Intervention de Alain Anziani

Réunion du 27 octobre 2015 à 14h45
Charte européenne des langues régionales ou minoritaires — Question préalable

Photo de Alain AnzianiAlain Anziani :

Le Conseil constitutionnel n’aura plus à s’interroger sur la constitutionnalité du dispositif, puisqu’il ne lui appartient pas, en vertu de sa propre jurisprudence, de juger d’une loi constitutionnelle : le pouvoir constituant s’impose au juge constitutionnel.

Du reste, ce débat s’est tenu à de multiples reprises, par exemple au sujet de la parité entre les hommes et les femmes sur les listes électorales : après que le Conseil constitutionnel eut jugé ce principe contraire à la Constitution, une révision constitutionnelle est intervenue, dont le Conseil constitutionnel n’a pu que prendre acte.

S’agissant des incertitudes juridiques soulevées par le Conseil d’État, je soutiens que, la Constitution ayant été révisée, si un Basque, un Corse ou un Breton prétend plaider devant un tribunal dans sa langue régionale, la réponse du juge sera évidente : appliquant la Constitution, et la déclaration interprétative qui y sera mentionnée, il opposera à ce justiciable une fin de non-recevoir.

Quant au juge européen, il devra faire de même. Au demeurant, je rappelle que la Charte européenne des langues régionales ou minoritaires ne fait pas partie des normes de référence de la Cour européenne des droits de l’homme, ce qui est une précision importante. Surtout, il n’appartient pas au juge européen de faire prévaloir une quelconque norme sur notre Constitution. Nous qui sommes le pouvoir constituant, comment pourrions-nous seulement concevoir qu’il le puisse ?

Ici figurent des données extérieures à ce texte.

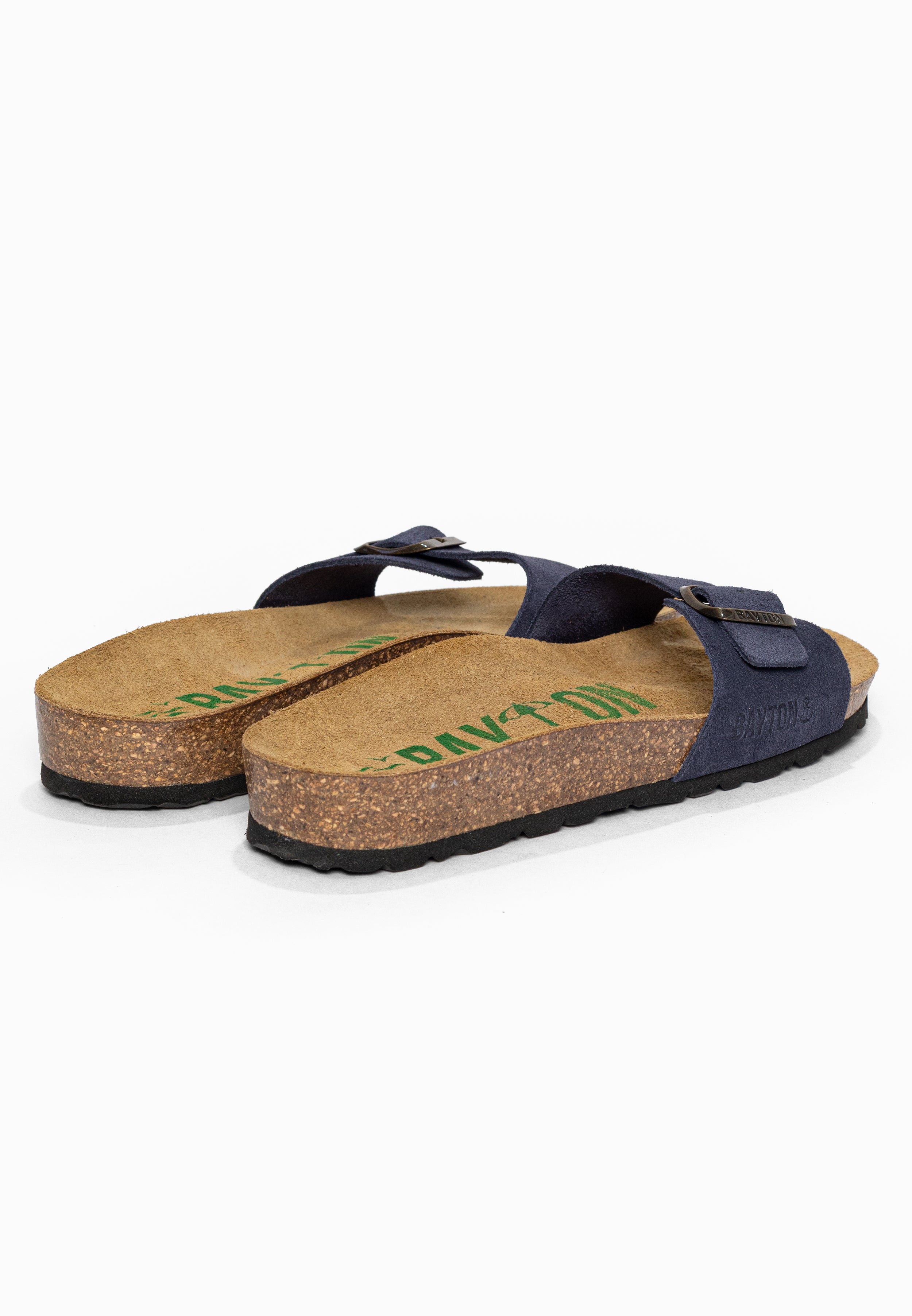 Sandales 1 Bride Zephyr Bleu marine en Cuir Suédé Bayton pour Femme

Mes chers collègues, que se passe-t-il donc dans les vingt-cinq pays qui ont ratifié la charte européenne des langues régionales ou minoritaires ? On n’assiste pas davantage à l’effacement de l’allemand en Allemagne qu’à celui de l’anglais au Royaume-Uni. À la vérité, on n’assiste à aucune révolution linguistique ni à aucun bouleversement. La raison en est simple, quoiqu’elle n’ait pas été suffisamment signalée : l’article 5 de la Charte – cette fois je parle bien, monsieur Mézard, d’une stipulation de la Charte elle-même – prévoit que rien dans la Charte ne pourra remettre en question le principe de la souveraineté et de l’intégrité territoriale des États.